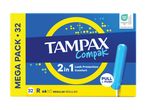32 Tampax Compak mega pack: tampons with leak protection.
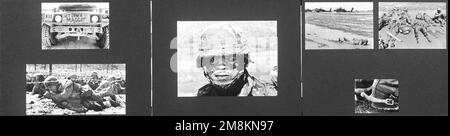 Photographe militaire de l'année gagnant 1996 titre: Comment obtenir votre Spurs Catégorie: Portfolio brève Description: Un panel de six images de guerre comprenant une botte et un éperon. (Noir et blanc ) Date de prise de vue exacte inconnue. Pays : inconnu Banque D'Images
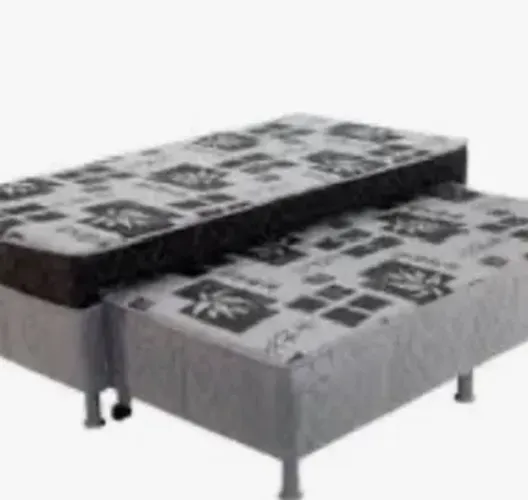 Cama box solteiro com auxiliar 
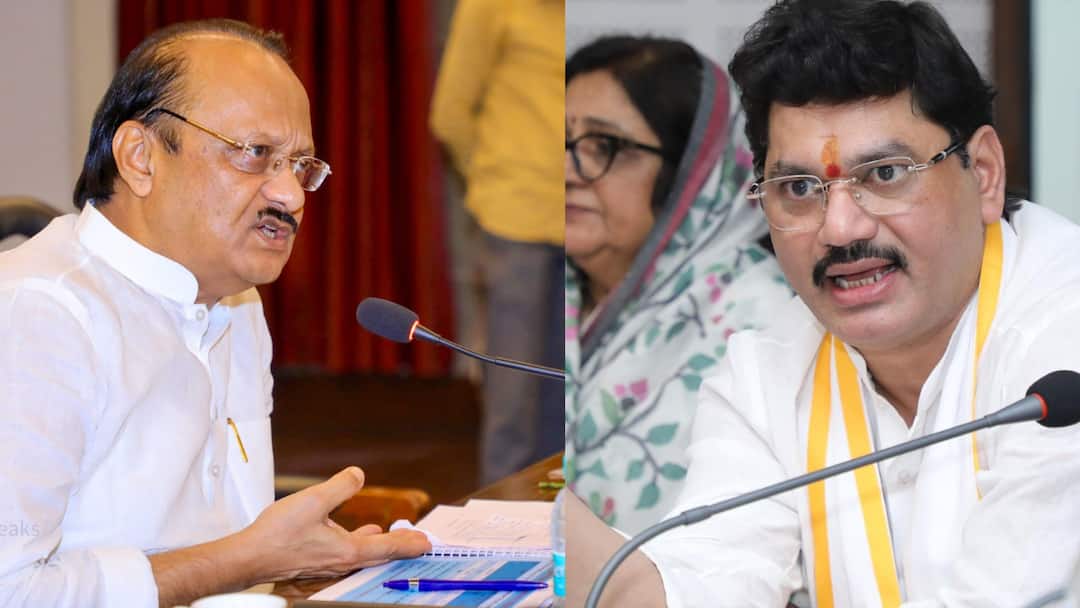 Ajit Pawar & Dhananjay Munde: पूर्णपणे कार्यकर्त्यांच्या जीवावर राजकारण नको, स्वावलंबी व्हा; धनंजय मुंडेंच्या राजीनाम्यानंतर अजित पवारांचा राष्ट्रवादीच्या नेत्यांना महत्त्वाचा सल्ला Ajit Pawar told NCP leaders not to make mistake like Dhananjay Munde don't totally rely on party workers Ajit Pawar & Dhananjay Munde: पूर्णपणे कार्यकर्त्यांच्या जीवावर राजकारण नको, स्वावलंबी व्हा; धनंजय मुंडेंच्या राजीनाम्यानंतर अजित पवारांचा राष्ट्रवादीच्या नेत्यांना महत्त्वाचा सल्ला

* * *

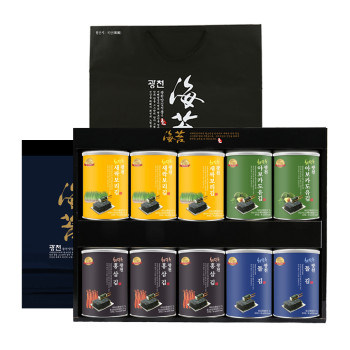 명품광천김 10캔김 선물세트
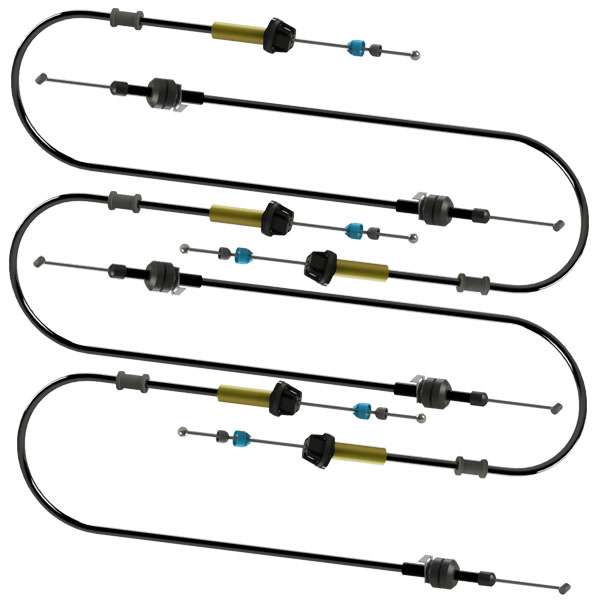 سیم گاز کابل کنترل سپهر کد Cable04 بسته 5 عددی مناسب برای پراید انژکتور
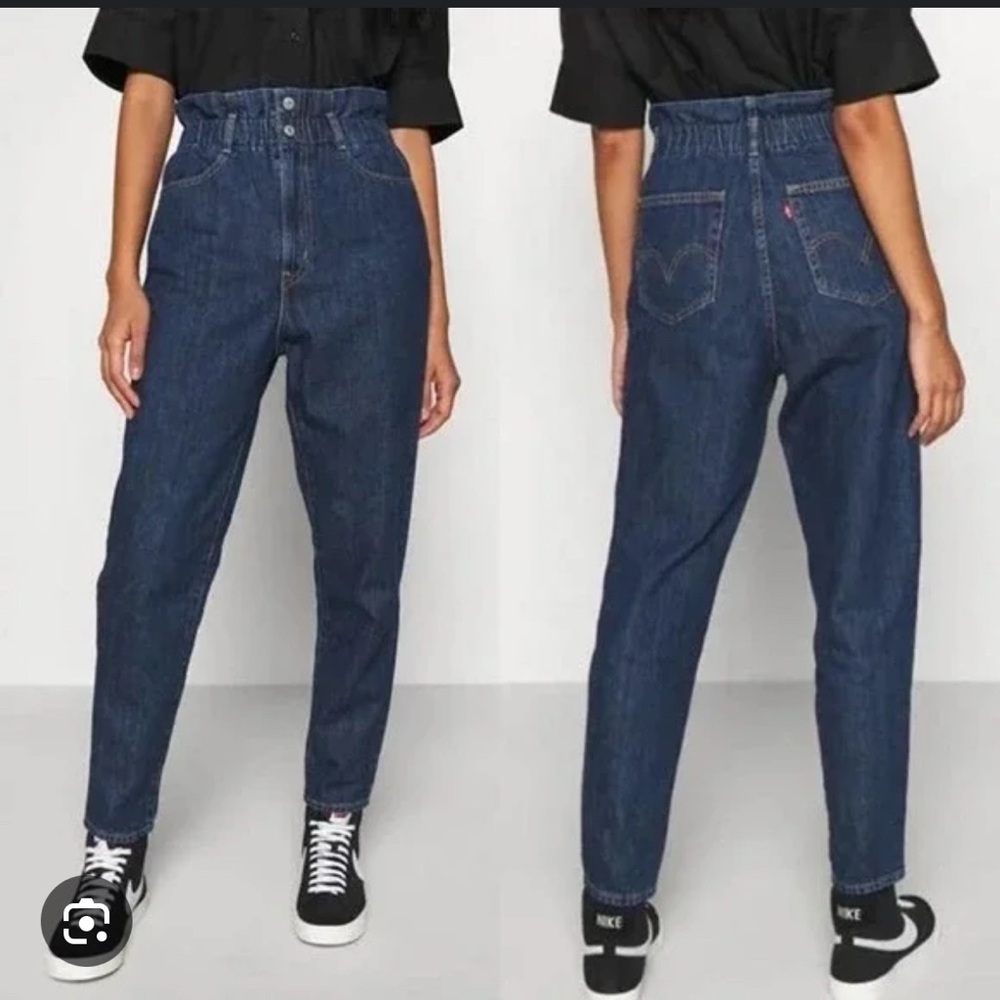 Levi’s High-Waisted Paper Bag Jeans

*Activity*
Having found the line with "Photographe militaire de" and the line with "महत्त्वाचा सल्ला Ajit" in the material above, write out exactly those two and every line between, leaving the pictures out.

*Answer for the task*
 Photographe militaire de l'année gagnant 1996 titre: Comment obtenir votre Spurs Catégorie: Portfolio brève Description: Un panel de six images de guerre comprenant une botte et un éperon. (Noir et blanc ) Date de prise de vue exacte inconnue. Pays : inconnu Banque D'Images
 Cama box solteiro com auxiliar 
 Ajit Pawar & Dhananjay Munde: पूर्णपणे कार्यकर्त्यांच्या जीवावर राजकारण नको, स्वावलंबी व्हा; धनंजय मुंडेंच्या राजीनाम्यानंतर अजित पवारांचा राष्ट्रवादीच्या नेत्यांना महत्त्वाचा सल्ला Ajit Pawar told NCP leaders not to make mistake like Dhananjay Munde don't totally rely on party workers Ajit Pawar & Dhananjay Munde: पूर्णपणे कार्यकर्त्यांच्या जीवावर राजकारण नको, स्वावलंबी व्हा; धनंजय मुंडेंच्या राजीनाम्यानंतर अजित पवारांचा राष्ट्रवादीच्या नेत्यांना महत्त्वाचा सल्ला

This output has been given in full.